El objetivo de ANITA era detectar ondas de radio generadas cuando los rayos cósmicos golpean la atmósfera terrestre. Pero algunos de los pulsos registrados entre 2016 y 2018 no se comportaban como se esperaba: no rebotaban en el hielo, sino que parecían emerger desde debajo del horizonte. Ese detalle, en apariencia insignificante, rompía con todo lo que la física de partículas considera posible.
En aquel momento, la hipótesis más audaz era que ANITA había encontrado señales de nuevas partículas subatómicas o incluso de materia oscura. Sin embargo, una investigación más reciente liderada por expertos de Penn State y publicada en Physical Review Letters ha añadido contexto a estos resultados. Los científicos analizaron 15 años de datos del Observatorio Pierre Auger en Argentina y no hallaron eventos equivalentes. Todo apunta a que no hay “nueva física” detrás de los pulsos, aunque el misterio persiste.
“Las ondas de radio que detectamos estaban en ángulos extremadamente pronunciados, unos 30 grados por debajo de la superficie del hielo”, explica Stephanie Wissel, profesora de física, astronomía y astrofísica. “Nuestros cálculos muestran que esas señales habrían tenido que atravesar miles de kilómetros de roca sólida antes de llegar al detector. En condiciones normales, eso es imposible. El material habría absorbido completamente las ondas”.
Wissel y su equipo buscaban señales de neutrinos, partículas diminutas sin carga eléctrica que atraviesan el universo casi sin interactuar con nada. “Cada segundo, mil millones de neutrinos pasan por tu uña —dice Wissel—, pero rara vez chocan con algo. Si los detectamos, es porque viajaron enormes distancias sin ser perturbados, quizá desde los confines del universo observable”.
Captar uno solo de estos neutrinos es como recibir una postal enviada hace millones de años desde una supernova o incluso desde el Big Bang. Cada detección puede revelar información que ni el telescopio más potente podría ofrecer, ya que los neutrinos viajan casi a la velocidad de la luz y sin obstáculos.
Para detectarlos, los científicos emplean radiotelescopios gigantes instalados en lugares como la Antártida, donde la interferencia es mínima. ANITA, por ejemplo, lanza sus antenas a 40 kilómetros de altura sobre el hielo para “escuchar” los ecos de partículas que interactúan bajo la superficie.
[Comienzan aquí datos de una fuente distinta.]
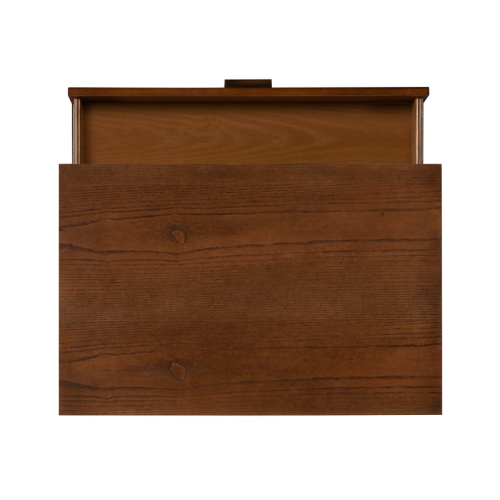 Linon Moore Four Drawer Wood Chest in Walnut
Esas interacciones generan emisiones de radio conocidas como “duchas de hielo”, similares a las “duchas de aire” que se producen en la atmósfera cuando las partículas decaen al perder energía.
Si pudiéramos verlas, esas duchas parecerían chispas luminosas moviéndose en un solo trazo, como un bengala en la oscuridad. El ángulo en el que rebotan permite calcular su origen, del mismo modo que una pelota lanzada al suelo rebota siguiendo la misma inclinación. Pero en el caso de ANITA, las señales detectadas no seguían esa lógica: sus trayectorias eran demasiado empinadas, como si vinieran desde el interior del planeta.
Los investigadores compararon los datos de ANITA con los del IceCube Experiment y el Observatorio Pierre Auger. Ninguno de los dos registró eventos similares. Eso descartó la posibilidad de que las señales fueran neutrinos y dejó abierta la puerta a fenómenos aún no comprendidos.
“No tenemos una explicación definitiva”, reconoce Wissel. “Quizá haya algún efecto extraño de propagación de radio cerca del hielo o del horizonte que aún no entendemos. Pero es un enigma que seguimos investigando con el nuevo proyecto PUEO, un detector más grande y sensible que esperamos lanzar próximamente”.
PUEO podría ofrecer las respuestas que la ciencia lleva años esperando. Tal vez revele un nuevo tipo de interacción subatómica. O quizá confirme que la naturaleza tiene formas de comunicarse que aún no somos capaces de escuchar correctamente. Hasta entonces, esas misteriosas señales bajo el hielo seguirán recordándonos que el universo todavía guarda secretos que desafían toda lógica.